YOUR INSTRUCTIONS
Below are records; the lines starting at the one with "VEGETARIANISMO: NI TANTO" and ending at the one with "Intercept Form Of" must be reproduced exactly, both included. Pictures must not appear.

DATA EXCERPTS
++++++++++

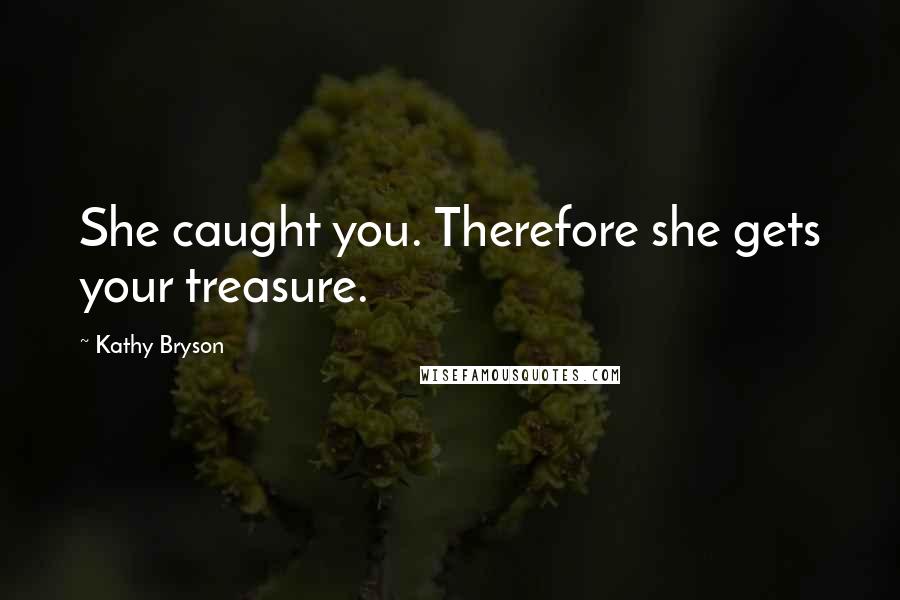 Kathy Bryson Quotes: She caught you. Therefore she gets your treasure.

++++++++++

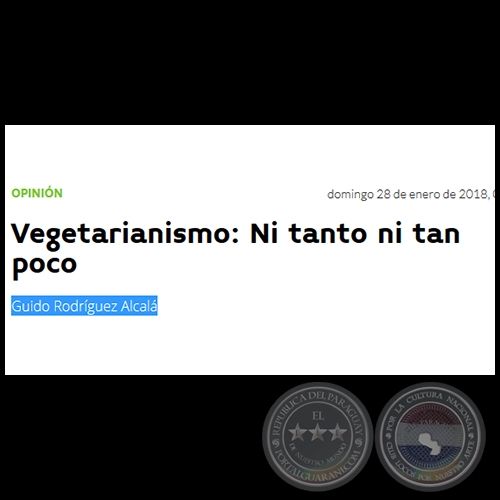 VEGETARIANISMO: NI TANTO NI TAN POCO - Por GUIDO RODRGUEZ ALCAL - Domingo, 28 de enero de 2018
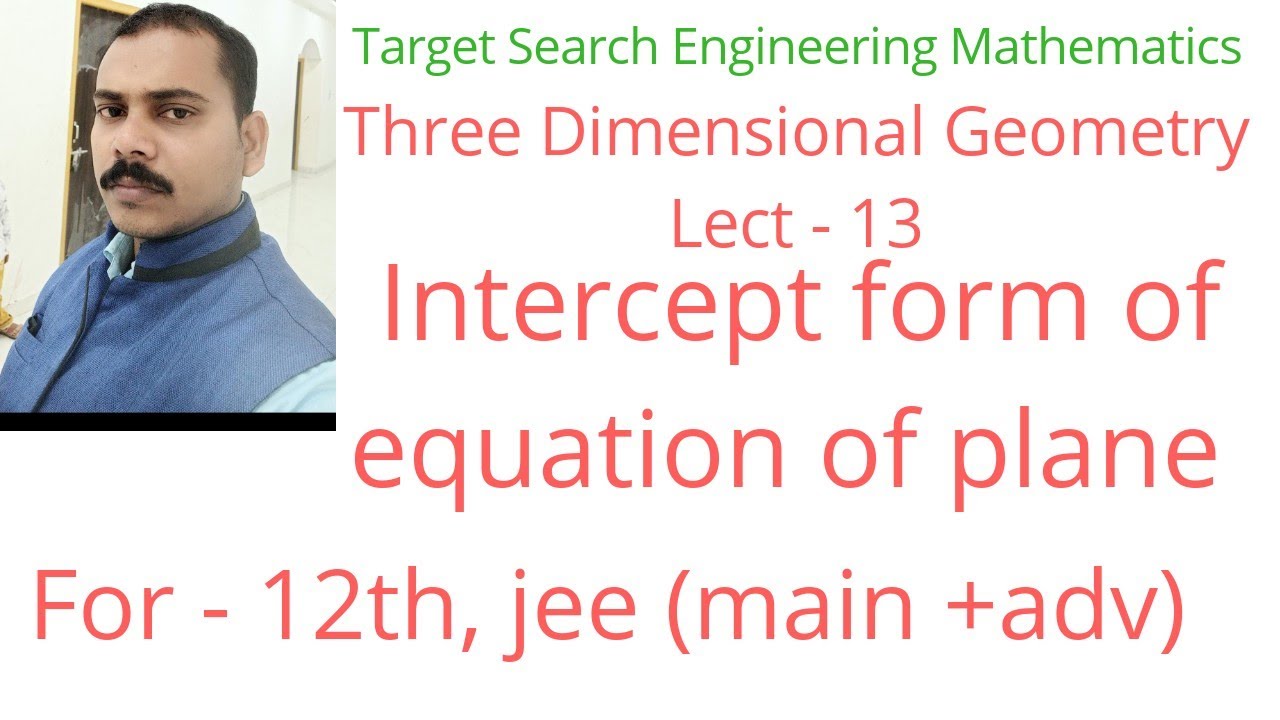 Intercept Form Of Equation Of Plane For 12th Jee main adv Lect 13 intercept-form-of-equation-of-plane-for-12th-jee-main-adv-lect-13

++++++++++

WRITTEN REPLY
 VEGETARIANISMO: NI TANTO NI TAN POCO - Por GUIDO RODRGUEZ ALCAL - Domingo, 28 de enero de 2018
 Intercept Form Of Equation Of Plane For 12th Jee main adv Lect 13 intercept-form-of-equation-of-plane-for-12th-jee-main-adv-lect-13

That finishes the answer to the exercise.